(Short web captions)
##########

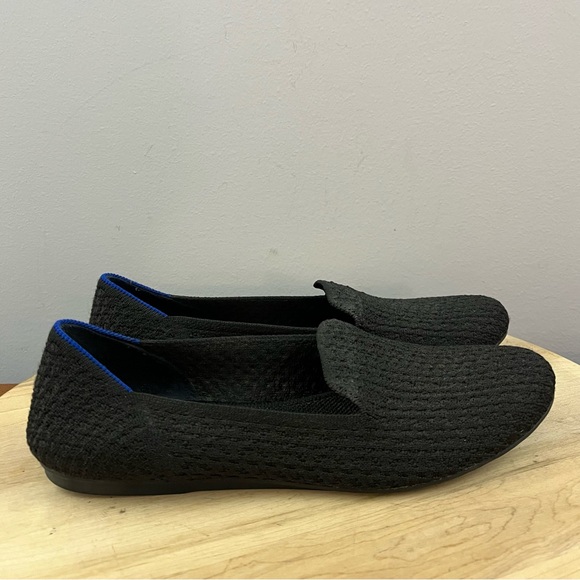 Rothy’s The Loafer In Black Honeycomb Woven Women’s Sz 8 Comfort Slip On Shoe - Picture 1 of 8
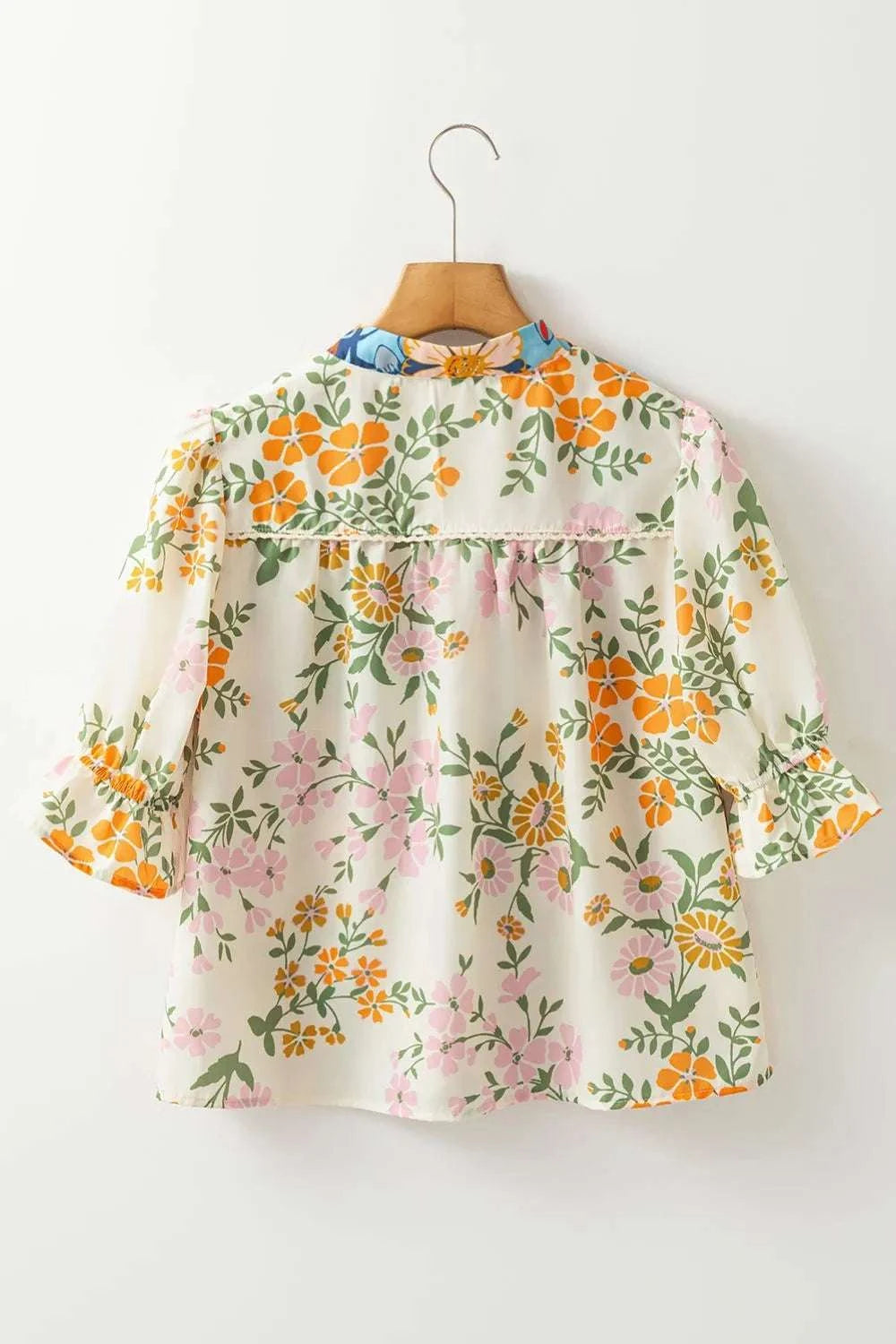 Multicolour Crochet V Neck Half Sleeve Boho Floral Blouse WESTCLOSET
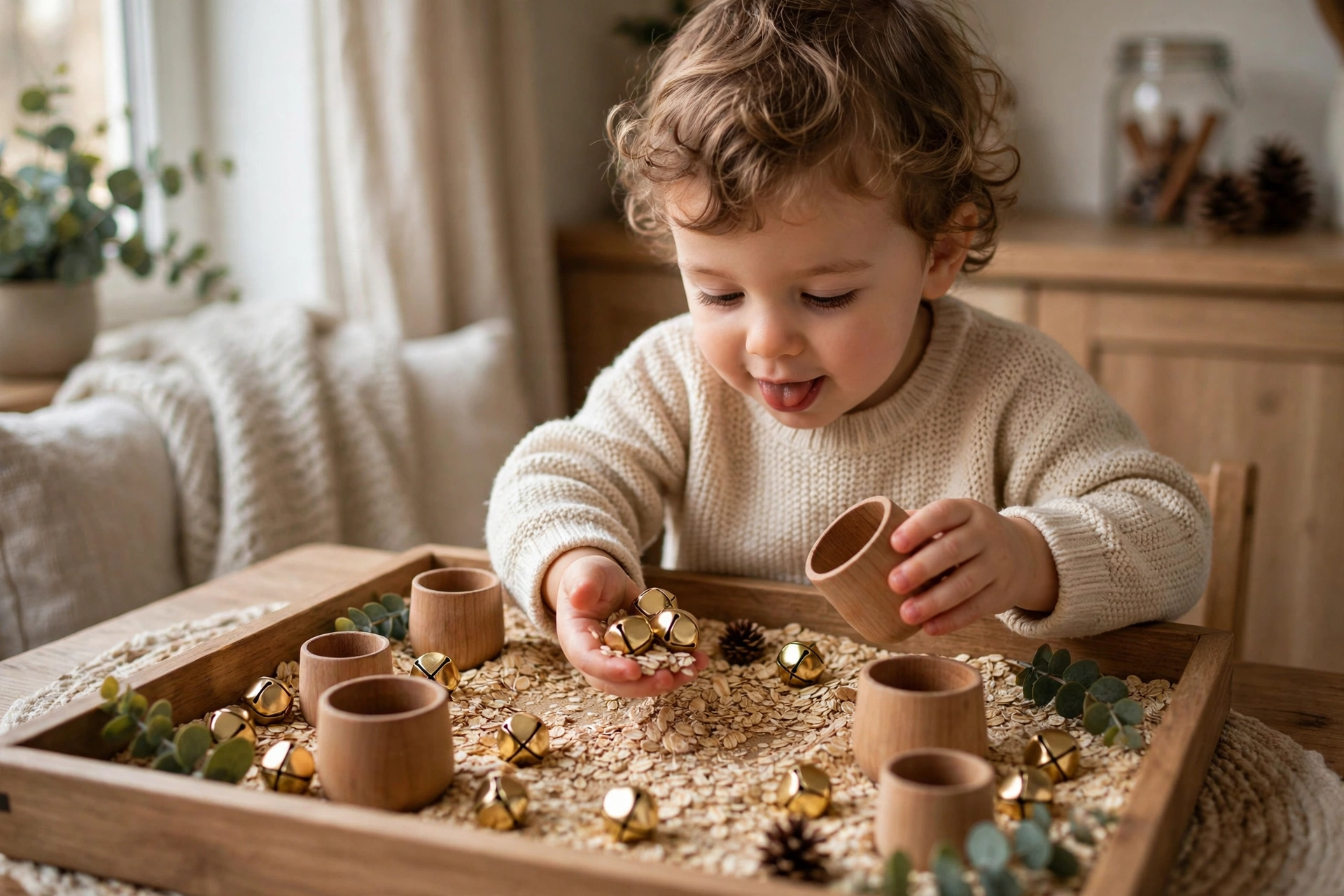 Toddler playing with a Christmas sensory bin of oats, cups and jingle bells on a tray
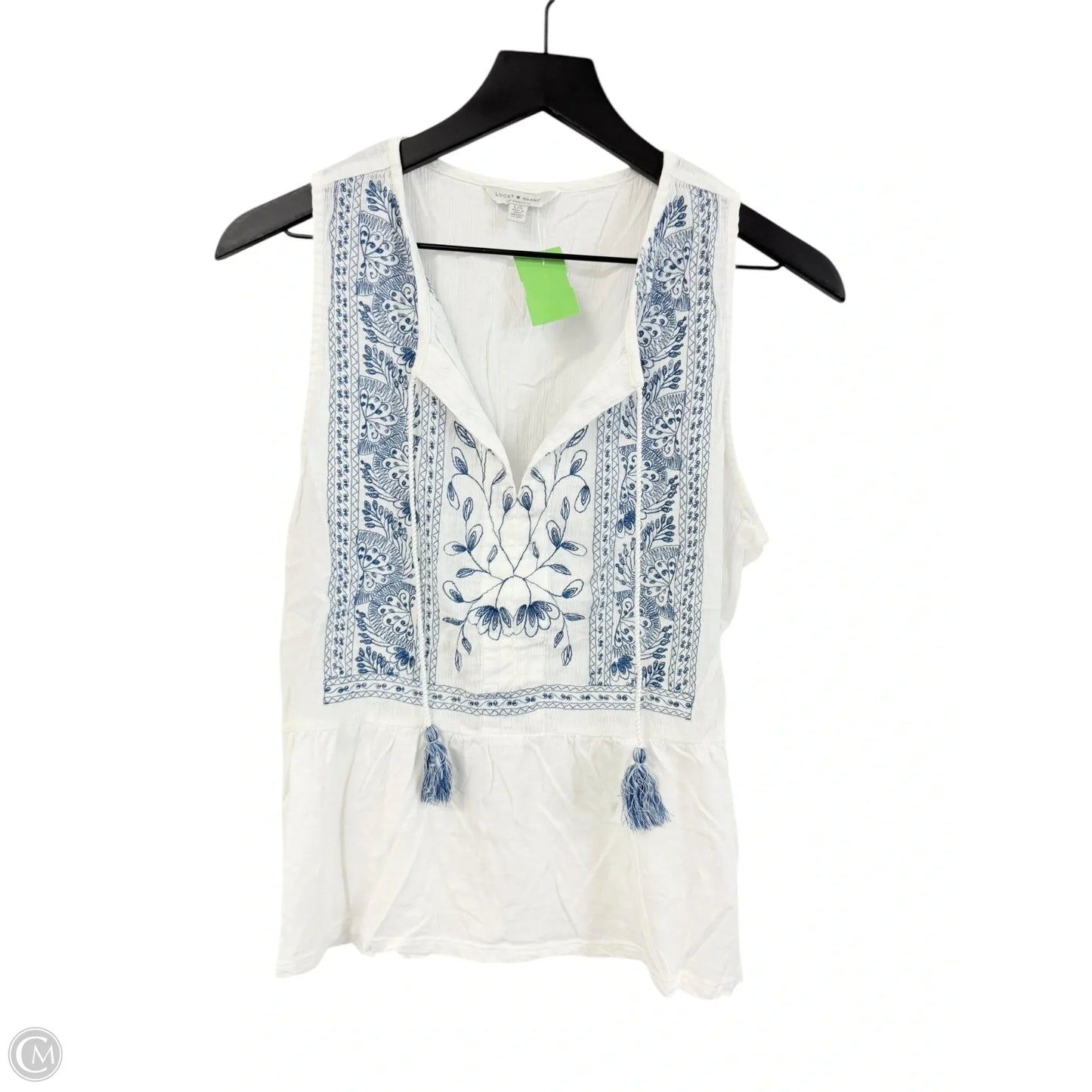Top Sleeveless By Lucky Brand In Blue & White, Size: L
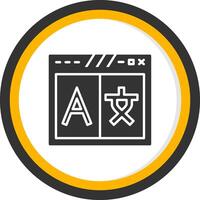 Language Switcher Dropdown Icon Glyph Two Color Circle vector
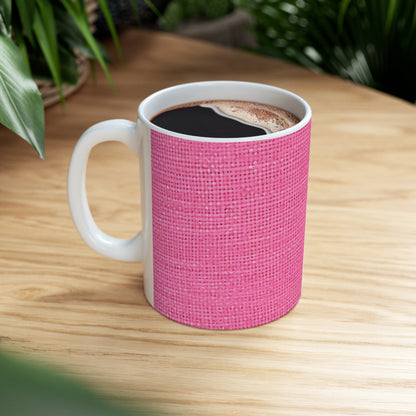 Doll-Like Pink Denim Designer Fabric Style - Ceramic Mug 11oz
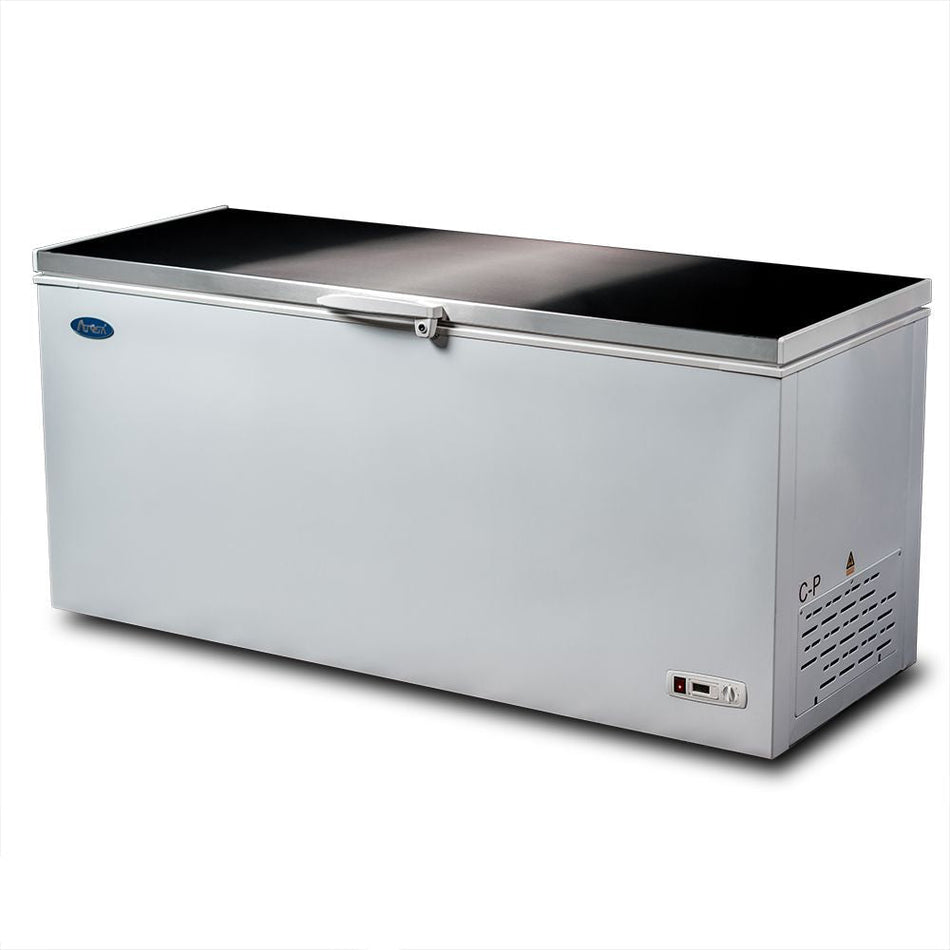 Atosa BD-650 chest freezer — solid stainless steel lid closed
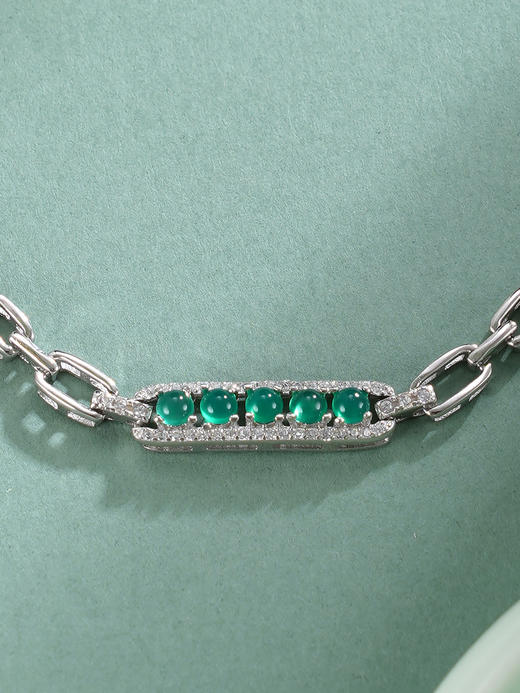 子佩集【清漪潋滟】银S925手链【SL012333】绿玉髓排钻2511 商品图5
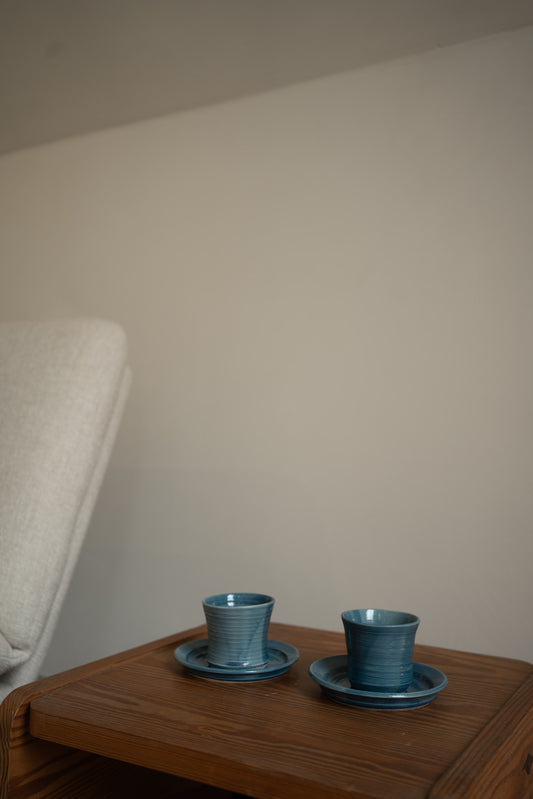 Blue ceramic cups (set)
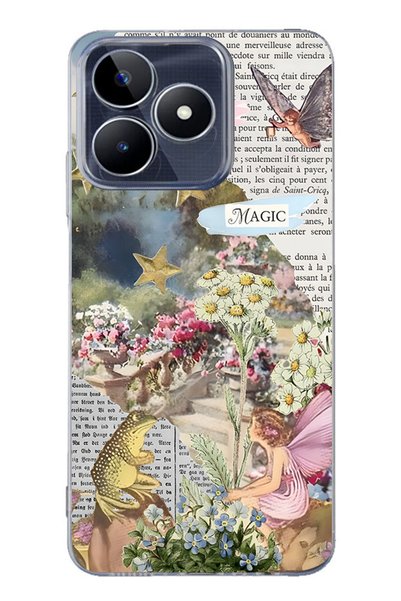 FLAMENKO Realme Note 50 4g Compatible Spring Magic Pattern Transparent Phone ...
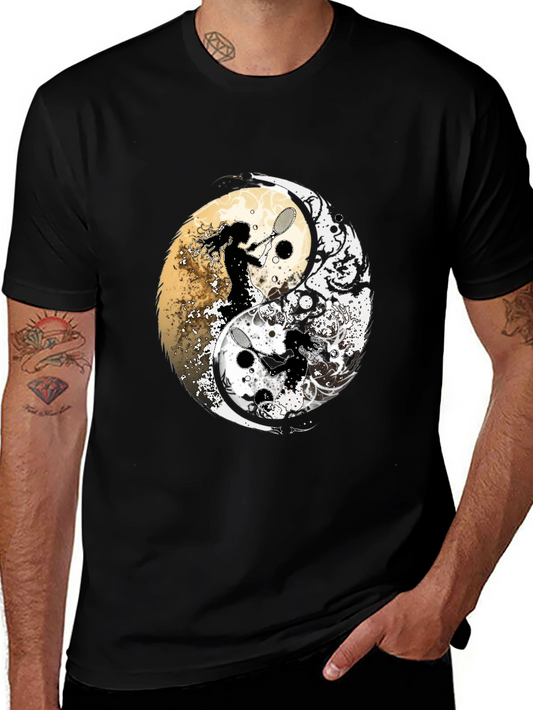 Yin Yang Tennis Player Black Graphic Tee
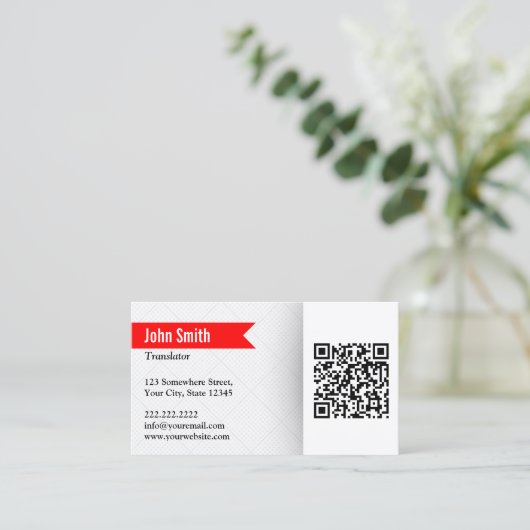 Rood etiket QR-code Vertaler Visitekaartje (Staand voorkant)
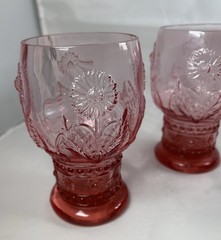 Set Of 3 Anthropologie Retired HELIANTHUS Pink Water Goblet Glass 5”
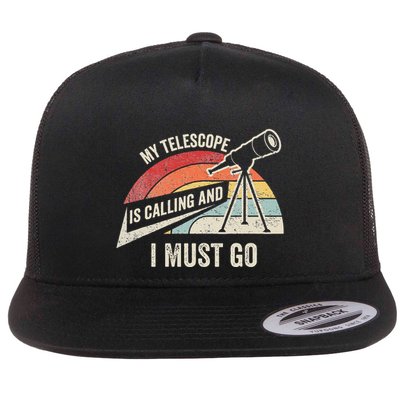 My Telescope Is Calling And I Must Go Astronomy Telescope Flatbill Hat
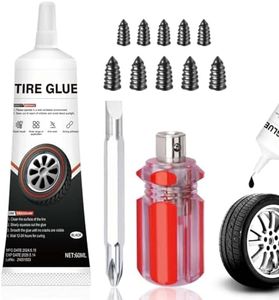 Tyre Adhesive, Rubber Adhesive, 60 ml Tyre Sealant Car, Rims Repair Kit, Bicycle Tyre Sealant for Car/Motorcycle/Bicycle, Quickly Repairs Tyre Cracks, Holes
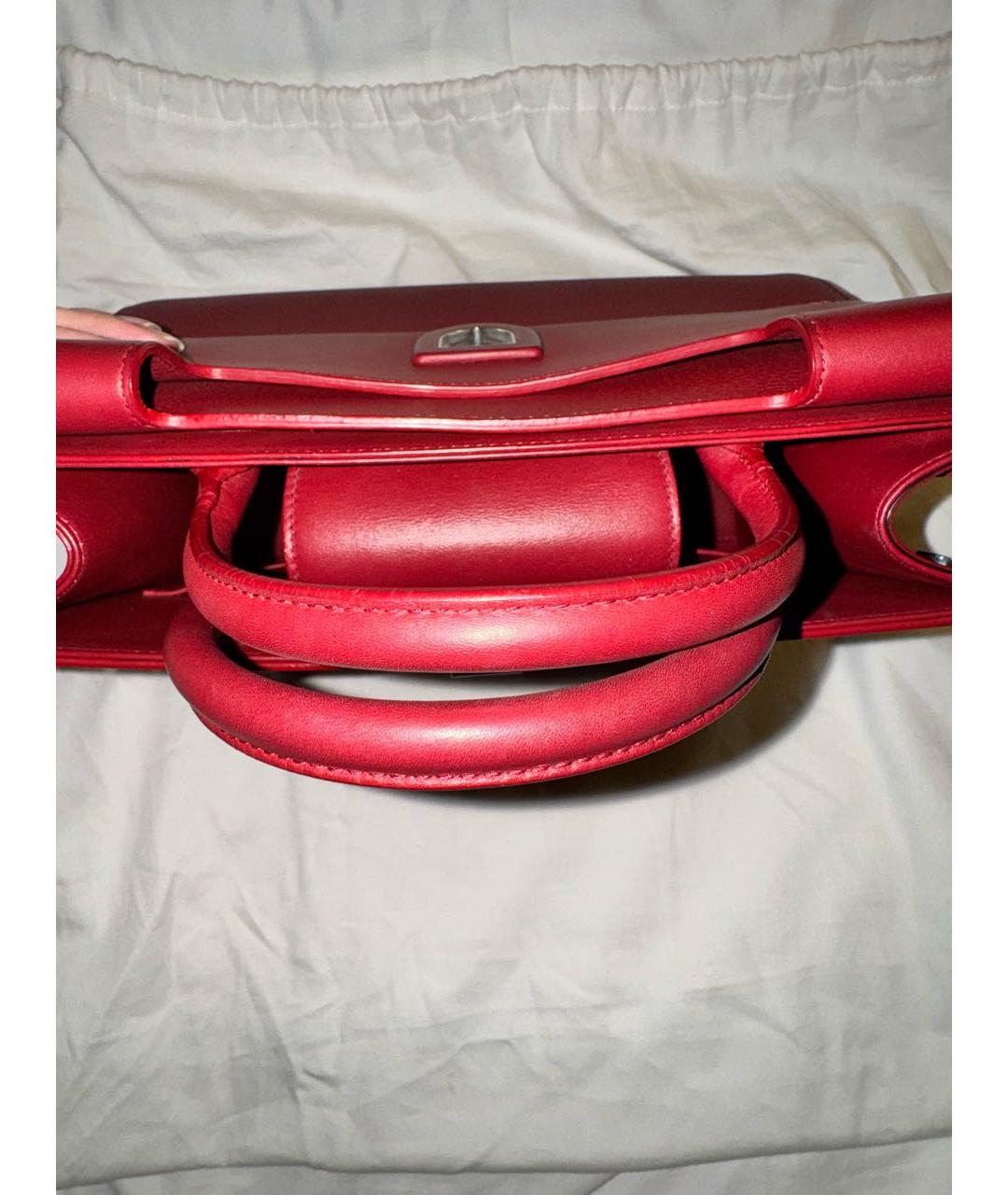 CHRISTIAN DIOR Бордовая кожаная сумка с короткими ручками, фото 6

##########

_Aim of the task_: Beginning with the line above that contains "Doll-Like Pink Denim" and ending with the line that contains "Set Of 3 Anthropologie", quote each line exactly, keeping out the pictures.

_Answer box_:
 Doll-Like Pink Denim Designer Fabric Style - Ceramic Mug 11oz
 Atosa BD-650 chest freezer — solid stainless steel lid closed
 子佩集【清漪潋滟】银S925手链【SL012333】绿玉髓排钻2511 商品图5
 Blue ceramic cups (set)
 FLAMENKO Realme Note 50 4g Compatible Spring Magic Pattern Transparent Phone ...
 Yin Yang Tennis Player Black Graphic Tee
 Rood etiket QR-code Vertaler Visitekaartje (Staand voorkant)
 Set Of 3 Anthropologie Retired HELIANTHUS Pink Water Goblet Glass 5”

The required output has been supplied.